First find the line with "What's up guys?" in the entries below, then set down exactly every line through the line with "So today's tech", that line included.

(Records to use)

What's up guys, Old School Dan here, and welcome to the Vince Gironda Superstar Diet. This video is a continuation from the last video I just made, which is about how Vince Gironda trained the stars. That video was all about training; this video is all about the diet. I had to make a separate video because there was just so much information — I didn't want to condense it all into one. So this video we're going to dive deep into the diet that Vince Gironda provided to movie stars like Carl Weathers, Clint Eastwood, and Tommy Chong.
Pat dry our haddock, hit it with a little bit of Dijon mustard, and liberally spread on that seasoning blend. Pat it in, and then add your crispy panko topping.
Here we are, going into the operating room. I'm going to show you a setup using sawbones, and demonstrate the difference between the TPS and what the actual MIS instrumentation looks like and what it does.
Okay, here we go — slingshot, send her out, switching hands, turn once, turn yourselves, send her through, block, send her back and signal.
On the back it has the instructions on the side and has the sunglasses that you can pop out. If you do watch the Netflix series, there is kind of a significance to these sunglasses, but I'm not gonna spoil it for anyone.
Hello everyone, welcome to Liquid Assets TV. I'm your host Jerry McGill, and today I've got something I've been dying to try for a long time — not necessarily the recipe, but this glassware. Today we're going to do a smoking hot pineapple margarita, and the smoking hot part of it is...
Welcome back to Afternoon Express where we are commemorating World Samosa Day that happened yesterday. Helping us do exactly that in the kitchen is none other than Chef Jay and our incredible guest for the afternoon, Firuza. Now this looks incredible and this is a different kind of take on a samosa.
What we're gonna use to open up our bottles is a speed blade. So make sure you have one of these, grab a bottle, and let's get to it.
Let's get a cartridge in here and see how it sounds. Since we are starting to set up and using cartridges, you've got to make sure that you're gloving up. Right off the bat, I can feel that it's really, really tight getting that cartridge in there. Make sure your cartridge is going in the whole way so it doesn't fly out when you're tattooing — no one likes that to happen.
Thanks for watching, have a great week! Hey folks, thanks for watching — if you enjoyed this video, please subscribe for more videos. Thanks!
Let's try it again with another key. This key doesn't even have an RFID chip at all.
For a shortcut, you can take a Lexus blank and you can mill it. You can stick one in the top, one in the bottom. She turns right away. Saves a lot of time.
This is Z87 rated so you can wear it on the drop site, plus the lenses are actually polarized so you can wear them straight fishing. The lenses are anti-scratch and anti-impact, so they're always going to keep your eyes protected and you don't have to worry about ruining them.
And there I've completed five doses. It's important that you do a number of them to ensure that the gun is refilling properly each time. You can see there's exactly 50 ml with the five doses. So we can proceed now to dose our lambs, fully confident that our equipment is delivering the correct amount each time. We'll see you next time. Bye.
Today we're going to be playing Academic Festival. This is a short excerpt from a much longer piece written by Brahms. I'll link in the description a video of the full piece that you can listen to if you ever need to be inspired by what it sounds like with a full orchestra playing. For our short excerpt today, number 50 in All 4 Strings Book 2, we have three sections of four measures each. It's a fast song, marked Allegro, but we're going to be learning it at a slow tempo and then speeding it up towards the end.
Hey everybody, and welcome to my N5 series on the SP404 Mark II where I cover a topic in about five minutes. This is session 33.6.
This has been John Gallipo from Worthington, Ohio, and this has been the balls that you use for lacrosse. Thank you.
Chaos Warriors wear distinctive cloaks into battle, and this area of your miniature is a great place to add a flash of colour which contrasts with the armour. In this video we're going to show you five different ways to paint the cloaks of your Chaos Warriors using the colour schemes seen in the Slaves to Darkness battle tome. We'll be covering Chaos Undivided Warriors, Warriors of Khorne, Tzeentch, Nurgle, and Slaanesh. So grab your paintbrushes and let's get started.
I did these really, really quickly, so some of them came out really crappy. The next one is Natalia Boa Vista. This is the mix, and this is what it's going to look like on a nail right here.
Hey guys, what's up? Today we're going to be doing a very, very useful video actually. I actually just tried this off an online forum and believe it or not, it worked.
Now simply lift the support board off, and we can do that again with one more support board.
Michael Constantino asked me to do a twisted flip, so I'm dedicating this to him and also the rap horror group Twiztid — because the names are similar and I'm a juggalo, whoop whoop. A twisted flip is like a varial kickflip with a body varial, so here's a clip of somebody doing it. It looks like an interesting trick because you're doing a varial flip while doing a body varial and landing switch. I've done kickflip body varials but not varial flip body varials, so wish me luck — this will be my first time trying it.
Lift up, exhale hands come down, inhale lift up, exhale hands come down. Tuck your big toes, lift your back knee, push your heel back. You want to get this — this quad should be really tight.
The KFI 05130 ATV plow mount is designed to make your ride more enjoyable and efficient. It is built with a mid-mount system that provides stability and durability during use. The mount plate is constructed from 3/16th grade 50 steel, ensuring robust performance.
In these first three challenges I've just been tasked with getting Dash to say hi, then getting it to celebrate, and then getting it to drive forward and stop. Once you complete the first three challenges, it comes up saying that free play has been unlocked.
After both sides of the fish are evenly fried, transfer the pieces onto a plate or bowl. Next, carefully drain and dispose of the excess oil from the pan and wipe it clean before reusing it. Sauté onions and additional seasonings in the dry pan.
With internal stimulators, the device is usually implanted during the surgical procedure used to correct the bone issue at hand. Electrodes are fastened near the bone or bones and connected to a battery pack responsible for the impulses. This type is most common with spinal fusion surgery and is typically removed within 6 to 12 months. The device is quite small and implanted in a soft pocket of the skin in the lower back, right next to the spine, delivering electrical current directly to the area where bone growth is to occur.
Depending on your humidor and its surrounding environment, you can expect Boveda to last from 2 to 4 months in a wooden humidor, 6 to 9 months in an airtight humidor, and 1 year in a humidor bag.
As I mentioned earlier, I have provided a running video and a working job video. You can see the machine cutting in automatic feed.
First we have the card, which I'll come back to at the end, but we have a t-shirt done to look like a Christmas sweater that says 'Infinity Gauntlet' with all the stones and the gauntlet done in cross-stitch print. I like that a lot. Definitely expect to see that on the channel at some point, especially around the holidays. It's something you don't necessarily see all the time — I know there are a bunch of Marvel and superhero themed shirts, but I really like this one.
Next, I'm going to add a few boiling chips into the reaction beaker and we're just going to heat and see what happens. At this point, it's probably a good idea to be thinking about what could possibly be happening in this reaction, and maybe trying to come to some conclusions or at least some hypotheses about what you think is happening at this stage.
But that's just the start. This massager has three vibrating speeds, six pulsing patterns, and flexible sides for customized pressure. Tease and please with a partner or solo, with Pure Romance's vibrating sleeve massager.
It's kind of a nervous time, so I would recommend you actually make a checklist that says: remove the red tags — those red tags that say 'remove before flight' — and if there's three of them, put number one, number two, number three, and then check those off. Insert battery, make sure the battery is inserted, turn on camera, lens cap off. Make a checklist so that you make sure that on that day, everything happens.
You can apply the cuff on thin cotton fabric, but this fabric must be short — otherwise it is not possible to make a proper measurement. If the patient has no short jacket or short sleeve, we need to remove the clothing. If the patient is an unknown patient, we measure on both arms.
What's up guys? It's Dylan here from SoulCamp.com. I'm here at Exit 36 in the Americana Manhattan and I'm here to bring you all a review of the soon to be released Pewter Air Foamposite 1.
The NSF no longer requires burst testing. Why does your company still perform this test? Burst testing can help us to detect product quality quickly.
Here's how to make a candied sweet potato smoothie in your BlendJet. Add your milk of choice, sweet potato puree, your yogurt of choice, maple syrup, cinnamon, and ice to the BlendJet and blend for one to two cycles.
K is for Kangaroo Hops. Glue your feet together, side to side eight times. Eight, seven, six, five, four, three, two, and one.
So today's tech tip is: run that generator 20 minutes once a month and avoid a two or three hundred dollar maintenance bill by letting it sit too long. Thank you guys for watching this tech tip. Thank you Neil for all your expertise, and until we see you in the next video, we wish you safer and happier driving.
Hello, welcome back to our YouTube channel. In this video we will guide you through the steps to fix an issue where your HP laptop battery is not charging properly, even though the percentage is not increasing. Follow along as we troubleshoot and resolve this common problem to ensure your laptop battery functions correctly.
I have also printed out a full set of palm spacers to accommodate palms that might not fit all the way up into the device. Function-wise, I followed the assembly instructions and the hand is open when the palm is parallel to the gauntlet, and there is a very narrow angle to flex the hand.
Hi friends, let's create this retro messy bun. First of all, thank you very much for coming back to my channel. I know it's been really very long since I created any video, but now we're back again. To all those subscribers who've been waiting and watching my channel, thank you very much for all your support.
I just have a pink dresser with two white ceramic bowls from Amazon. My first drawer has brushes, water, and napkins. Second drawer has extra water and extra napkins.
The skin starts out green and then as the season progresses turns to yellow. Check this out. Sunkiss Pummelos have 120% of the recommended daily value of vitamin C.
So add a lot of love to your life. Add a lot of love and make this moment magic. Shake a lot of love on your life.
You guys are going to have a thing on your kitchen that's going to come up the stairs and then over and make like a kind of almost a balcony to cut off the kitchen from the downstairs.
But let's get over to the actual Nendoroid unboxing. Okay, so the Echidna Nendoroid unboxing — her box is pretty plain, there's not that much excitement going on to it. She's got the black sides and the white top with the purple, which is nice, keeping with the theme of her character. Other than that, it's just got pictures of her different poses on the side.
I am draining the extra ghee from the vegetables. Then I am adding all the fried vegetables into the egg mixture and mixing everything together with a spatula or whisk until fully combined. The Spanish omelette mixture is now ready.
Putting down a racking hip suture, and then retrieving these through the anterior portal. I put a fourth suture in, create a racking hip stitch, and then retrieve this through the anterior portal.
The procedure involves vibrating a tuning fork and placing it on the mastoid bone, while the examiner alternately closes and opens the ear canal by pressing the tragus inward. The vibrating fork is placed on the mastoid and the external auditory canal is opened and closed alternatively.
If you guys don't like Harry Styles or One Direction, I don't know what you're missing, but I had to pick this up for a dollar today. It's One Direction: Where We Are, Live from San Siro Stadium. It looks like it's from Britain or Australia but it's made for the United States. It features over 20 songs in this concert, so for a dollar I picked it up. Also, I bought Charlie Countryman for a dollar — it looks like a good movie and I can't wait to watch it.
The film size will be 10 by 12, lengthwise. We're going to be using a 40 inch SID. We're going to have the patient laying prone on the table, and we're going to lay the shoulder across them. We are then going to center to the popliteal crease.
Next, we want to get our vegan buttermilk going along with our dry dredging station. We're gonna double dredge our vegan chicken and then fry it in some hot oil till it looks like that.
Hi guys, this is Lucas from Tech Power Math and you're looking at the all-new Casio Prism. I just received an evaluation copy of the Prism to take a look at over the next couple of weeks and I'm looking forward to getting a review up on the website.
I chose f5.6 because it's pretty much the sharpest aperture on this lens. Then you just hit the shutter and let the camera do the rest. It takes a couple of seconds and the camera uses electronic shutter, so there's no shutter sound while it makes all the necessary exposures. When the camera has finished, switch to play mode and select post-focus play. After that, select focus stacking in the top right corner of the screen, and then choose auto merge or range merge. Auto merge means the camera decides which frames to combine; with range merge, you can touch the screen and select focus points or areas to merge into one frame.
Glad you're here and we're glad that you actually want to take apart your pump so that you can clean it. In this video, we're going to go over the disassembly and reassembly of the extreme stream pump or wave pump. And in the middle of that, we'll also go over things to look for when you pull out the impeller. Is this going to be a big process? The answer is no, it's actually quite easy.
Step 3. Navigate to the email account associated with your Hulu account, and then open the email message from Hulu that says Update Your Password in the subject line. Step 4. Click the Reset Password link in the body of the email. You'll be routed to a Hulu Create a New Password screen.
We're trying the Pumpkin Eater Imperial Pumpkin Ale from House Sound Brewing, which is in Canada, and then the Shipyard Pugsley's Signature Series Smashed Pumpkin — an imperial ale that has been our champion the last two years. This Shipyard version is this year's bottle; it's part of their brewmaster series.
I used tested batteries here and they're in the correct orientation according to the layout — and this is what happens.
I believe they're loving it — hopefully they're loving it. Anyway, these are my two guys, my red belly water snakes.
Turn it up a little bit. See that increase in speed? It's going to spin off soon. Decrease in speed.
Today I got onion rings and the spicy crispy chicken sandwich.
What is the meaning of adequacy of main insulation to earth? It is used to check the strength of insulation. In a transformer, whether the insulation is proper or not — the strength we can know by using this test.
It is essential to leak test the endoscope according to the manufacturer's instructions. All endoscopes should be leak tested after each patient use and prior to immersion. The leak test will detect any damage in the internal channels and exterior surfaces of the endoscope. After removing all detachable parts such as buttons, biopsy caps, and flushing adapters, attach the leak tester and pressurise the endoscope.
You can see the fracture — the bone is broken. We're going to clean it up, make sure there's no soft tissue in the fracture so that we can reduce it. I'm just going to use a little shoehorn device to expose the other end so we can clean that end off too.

(End Records to use)

- Task answer:
What's up guys? It's Dylan here from SoulCamp.com. I'm here at Exit 36 in the Americana Manhattan and I'm here to bring you all a review of the soon to be released Pewter Air Foamposite 1.
The NSF no longer requires burst testing. Why does your company still perform this test? Burst testing can help us to detect product quality quickly.
Here's how to make a candied sweet potato smoothie in your BlendJet. Add your milk of choice, sweet potato puree, your yogurt of choice, maple syrup, cinnamon, and ice to the BlendJet and blend for one to two cycles.
K is for Kangaroo Hops. Glue your feet together, side to side eight times. Eight, seven, six, five, four, three, two, and one.
So today's tech tip is: run that generator 20 minutes once a month and avoid a two or three hundred dollar maintenance bill by letting it sit too long. Thank you guys for watching this tech tip. Thank you Neil for all your expertise, and until we see you in the next video, we wish you safer and happier driving.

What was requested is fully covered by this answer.